Cache not freed up timely on elasticsearch nodes

Issue - Alerts for low memory on elasticsearch nodes.

we have a 8 node elasticsearch cluster with 3 master eligible nodes.

Total RAM on each server is 70GB , from which 30GB is allocated to ES.
which is used 30-40% by elasticsearch most of the times. The field data
cache / filter cache are well in bounds.

The rest 40GB is available for kernel. no other process is running on the
machine.

sometime back we started getting low memory alerts on all these nodes ,
where dentry cache was taking up more then 30G and was not freeing up for
other system processes in timely manner.
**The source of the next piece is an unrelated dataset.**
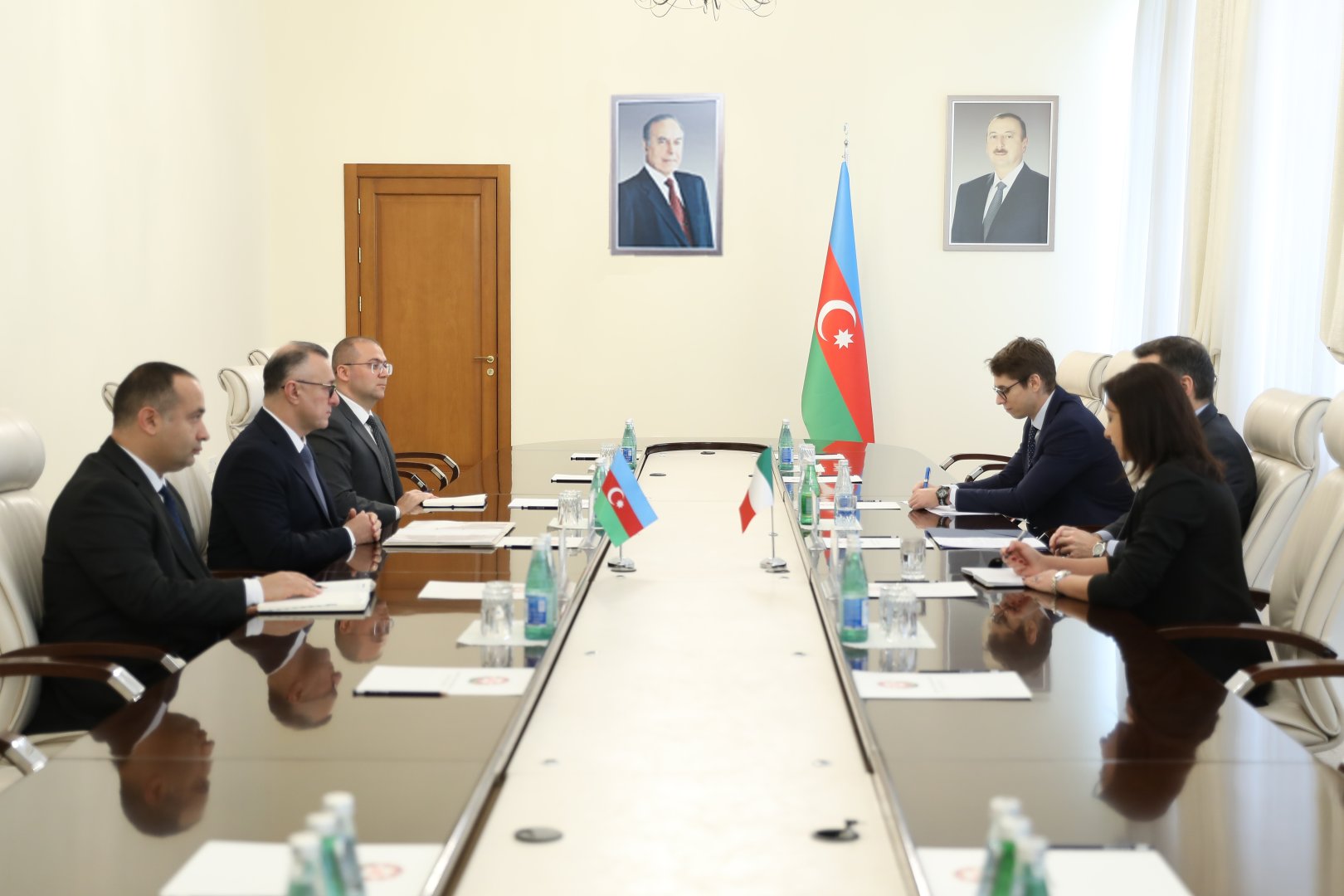 Səhiyyə Nazirliyində Azərbaycan-İtaliya səhiyyə əməkdaşlığının inkişaf perspektivləri müzakirə edilib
I understand system is using all
available RAM , which is a desired behavior but its not freeing it up
timely.

we initially thought its a system issues, so increased VFS cache pressure,
which helped a little but not much. then we added a script to drop_cache if
free memory goes below a certain limit. this workaround is working ok, but
it causes some latency when the drop_cache gets executed.

But the main reason fro posting this question here is - we have several
other applications with much higher load , but only the 2 services with
elasticsearch cluster are getting this memory issue on the servers.

Mlockall , file descriptor counts, mmap count etc are setup as per
elasticsearch documentation suggestion. we don't have a swap partition so
swapiness is set as default - 60. Garbage collection is not running very
often and no OOM for ES.

I was wondering if someone else has faced the similar issue with
elasticsearch and have a suggestion.

Thanks,

Nidhi

--
You received this message because you are subscribed to the Google Groups "elasticsearch" group.
To unsubscribe from this group and stop receiving emails from it, send an email to elasticsearch+unsubscribe@googlegroups.com.
To view this discussion on the web visit https://groups.google.com/d/msgid/elasticsearch/e77b1351-5dcf-493c-9f47-0951dd94d64e%40googlegroups.com.
For more options, visit https://groups.google.com/d/optout.

Hi Nidhi,

Have you managed to solve this issue?